All Experiments in the paper were conducted on S3 Standard. If we believe AWS’s promises that S3 EOZ can deliver <10 ms latency, it would mean we could not only run analytical workloads purely on S3 as a storage layer but potentially also transactional workloads. The elephant in the room is the cost of using S3 EOZ instead of S3 Standard.
S3 EOZ Cost Calculations
The limiting factor of replacing local caches with S3 is the access cost. As mentioned in the announcement introducing S3 EOZ, the request costs were reduced by 50%, which sparks hope at first, but if you give the pricing model a closer look, you will quickly find that besides the request costs, AWS is charging an additional fee for large request sizes. For data transferred of request sizes greater than 512 KiB, an additional $0.008/GiB for PUTs and $0.0015/GiB GETs is charged.
One option would be to decrease the request size below the 512 KiB mark. It is unclear if, with such a small request size, S3 bandwidth can be saturated. The AnyBlob paper showed that for S3 Standard, a request size between 8 and 16 MiB is needed to utilize the full network bandwidth.
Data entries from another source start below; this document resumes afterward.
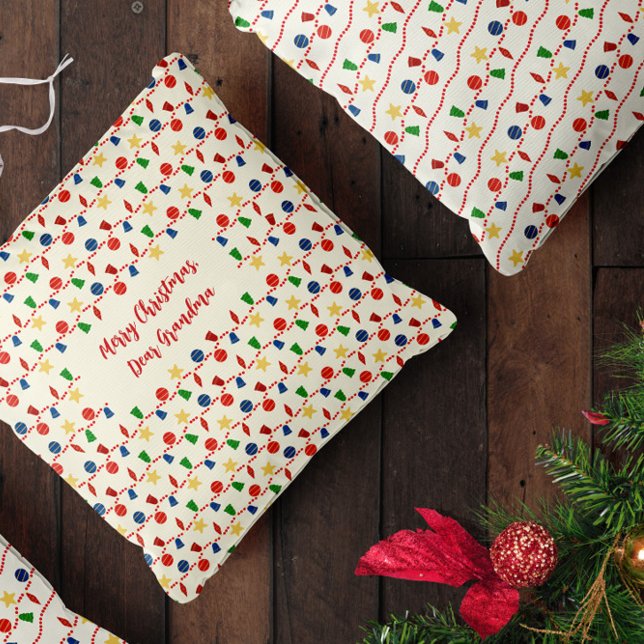 Kralenkrans met retro kerstornamenten kussen (Cute retro Christmas card with vintage Christmas ornaments and red beaded garland)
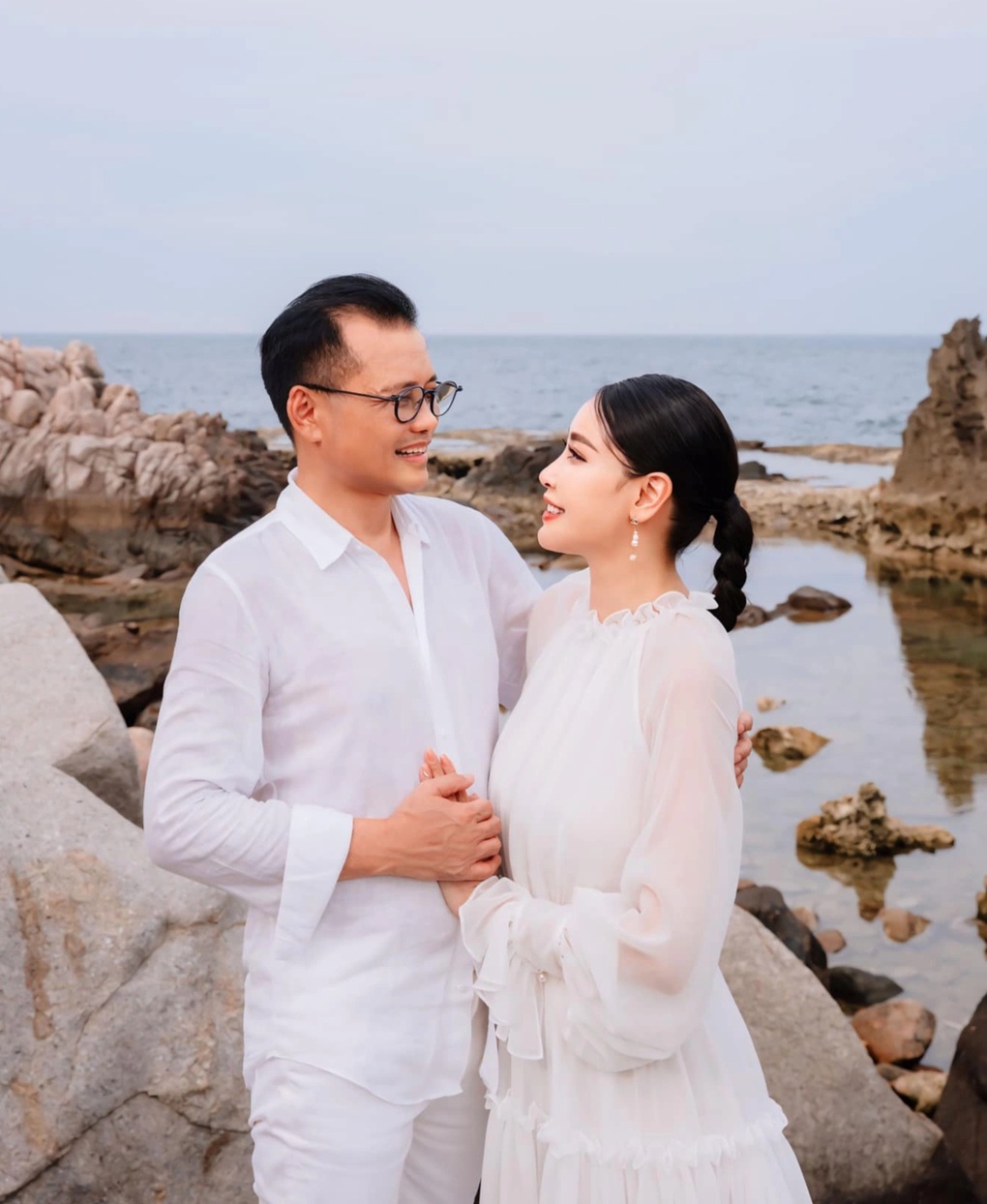 Hoa hậu Việt lấy đại gia hơn 12 tuổi: Ở biệt thự 400 tỷ, từng tự ti vì chồng nói “to như voi”- Ảnh 4. Hoa hậu Việt lấy đại gia hơn 12 tuổi: Ở biệt thự 400 tỷ, từng tự ti vì chồng nói “to như voi”- Ảnh 4.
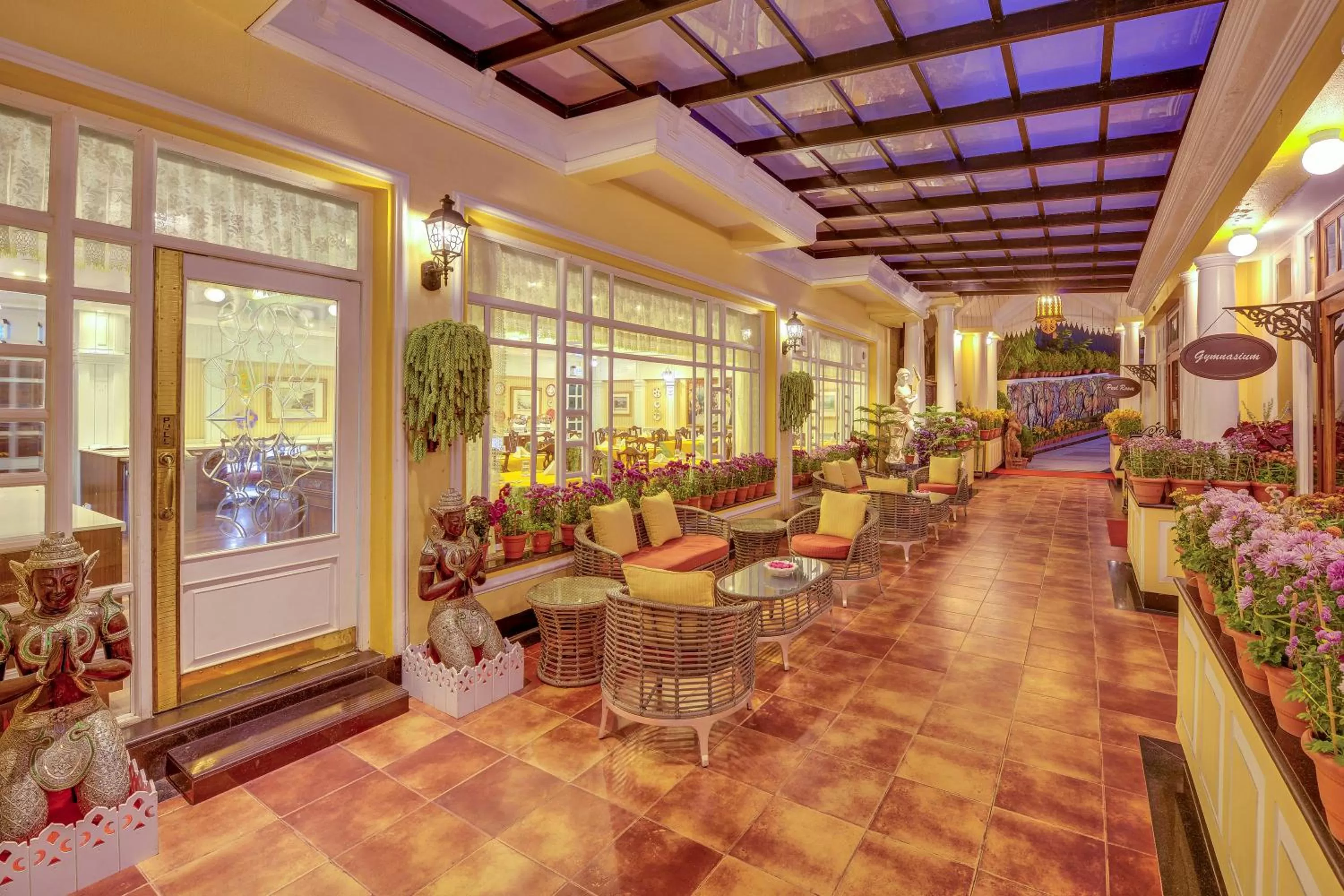 Decorative detail in Mayfair Darjeeling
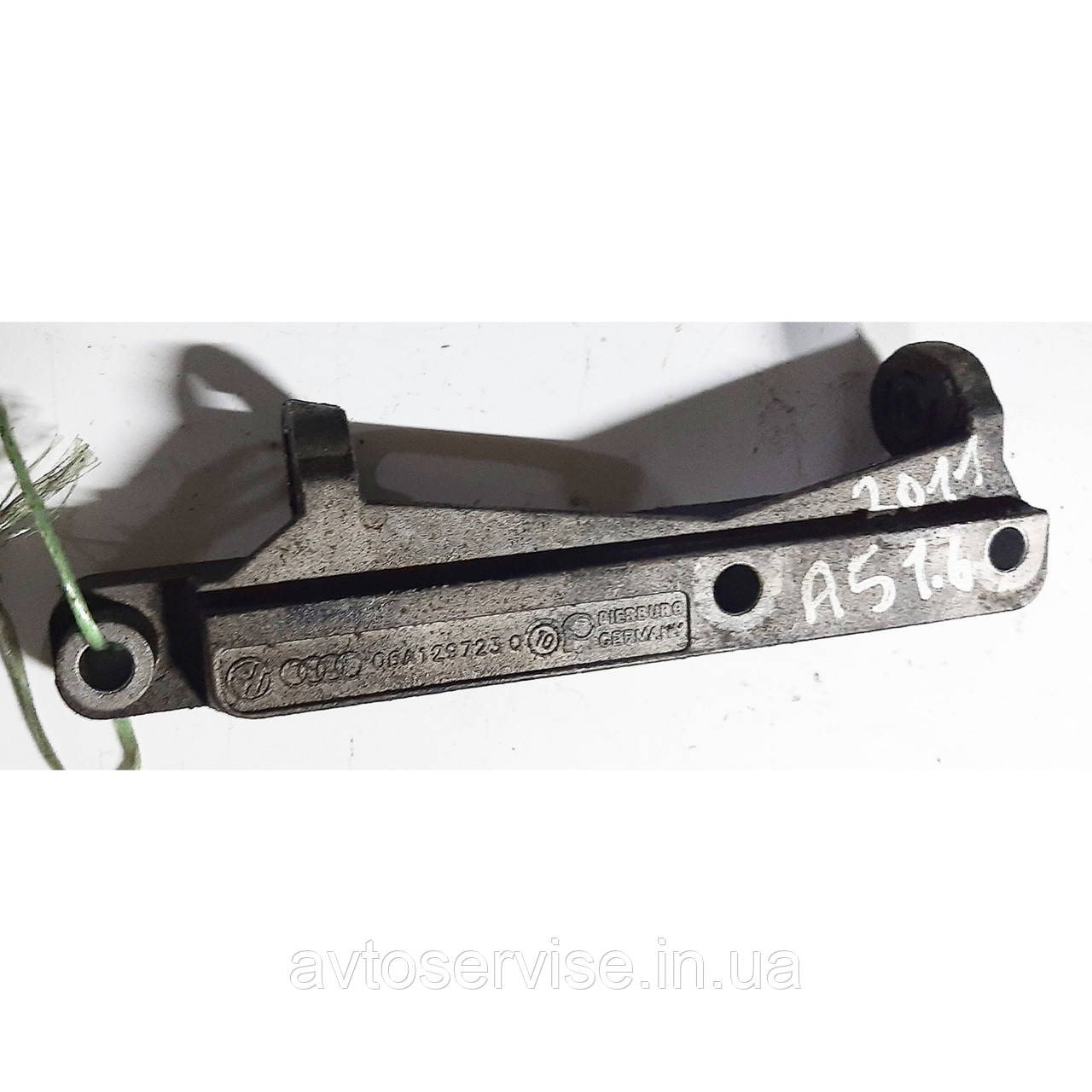 Кронштейн колектора Skoda Octavia A5, фото 1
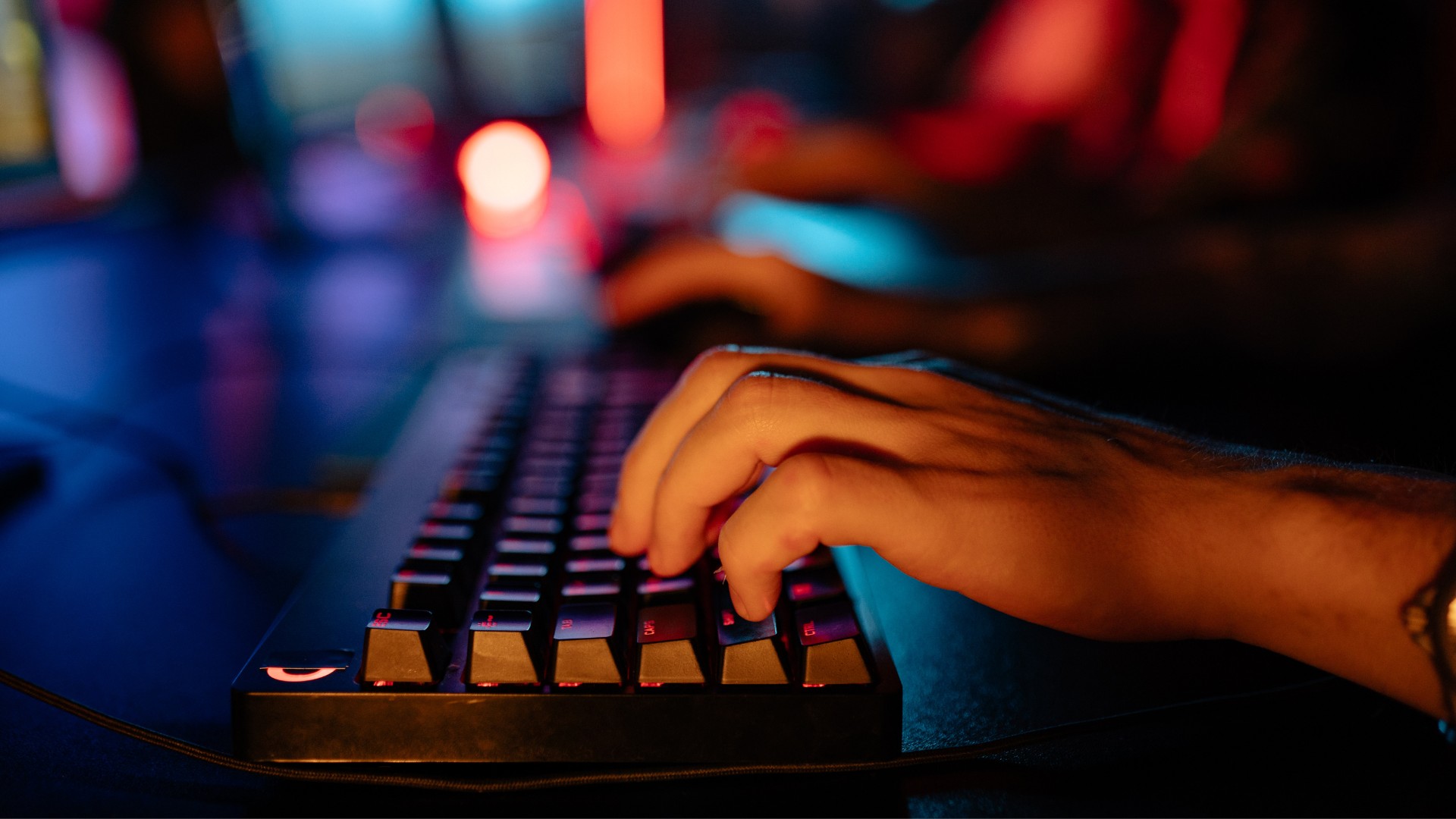 Melhor teclado magnético em 2026: top 8 para elevar o nível dos jogos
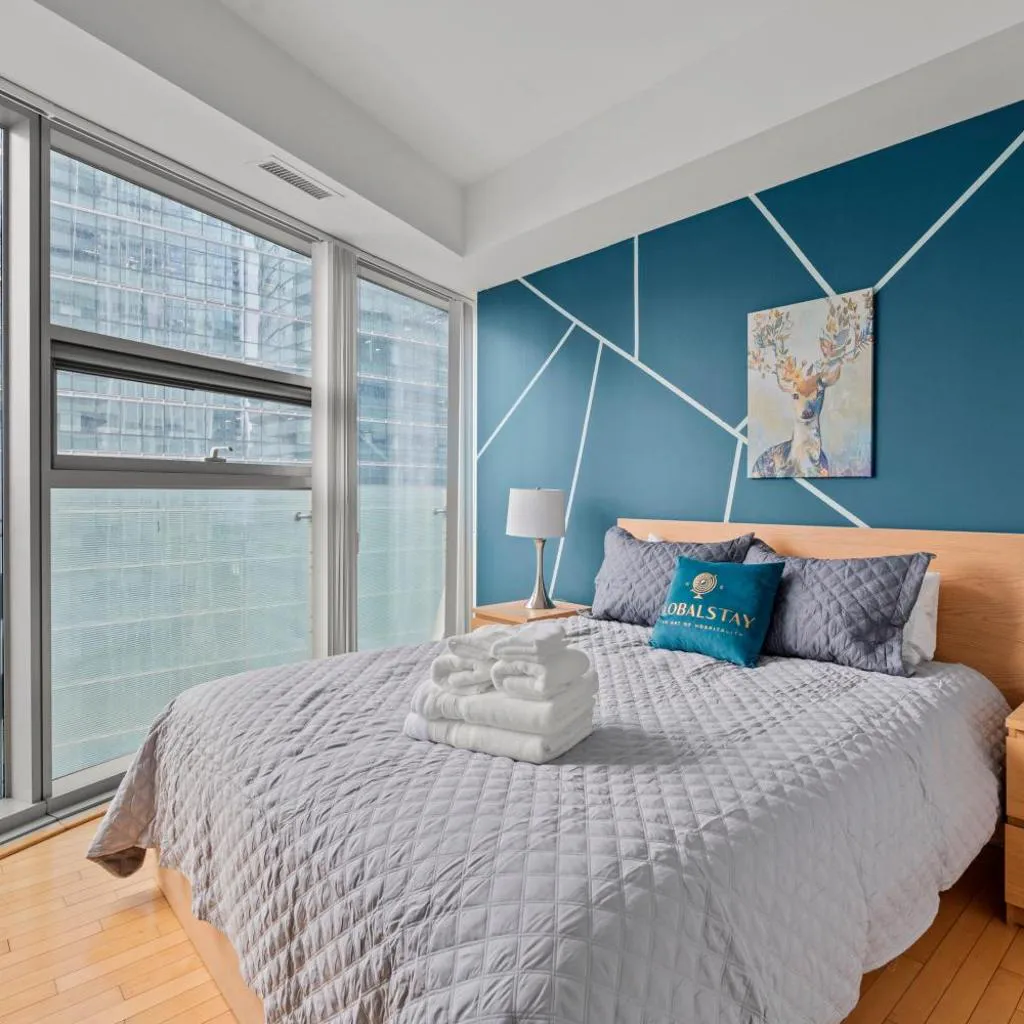 Photograph of 2 Bedroom Condo CN Tower & Lake View Balcony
Using the same configurations on S3 EOZ, as Dominik suggested for S3 Standard, would significantly increase the total access cost. One would have to pay $1.5/TiB for 90% [(8 MiB - 512 KiB) / 8 MiB] of all data retrieved from S3. Running the TPC-H SF-500 Benchmark on S3 EOZ would cost almost $ 1.5 compared to $ 0.2 for S3 Standard. The additional charge for data transfer would dominate both the S3 request cost and the EC2 instance cost of less than $ 0.2. This should be avoided to keep the cost of query processing on S3 predictable.
What’s next?
So does this mean that all hope of affordable query processing on S3 EOZ is lost? No - at least not yet. We have some unanswered questions that need positive results to make S3 EOZ useful for fast query processing. First and foremost is whether the 100 Gbit/s network bandwidth of S3 EOZ can be saturated with an object size of less than 512 KiB. If not, the additional charge would make replacing S3 Standard with S3 EOZ economically infeasible. Furthermore, the lower latency may indicate that S3 EOZ could be useful for transactional workloads, but exactly how the necessary guarantees for transactional queries can be achieved on S3 EOZ has yet to be investigated. The new infrastructure developments have the potential to influence key design decisions for cloud data processing systems. Exciting times lie ahead!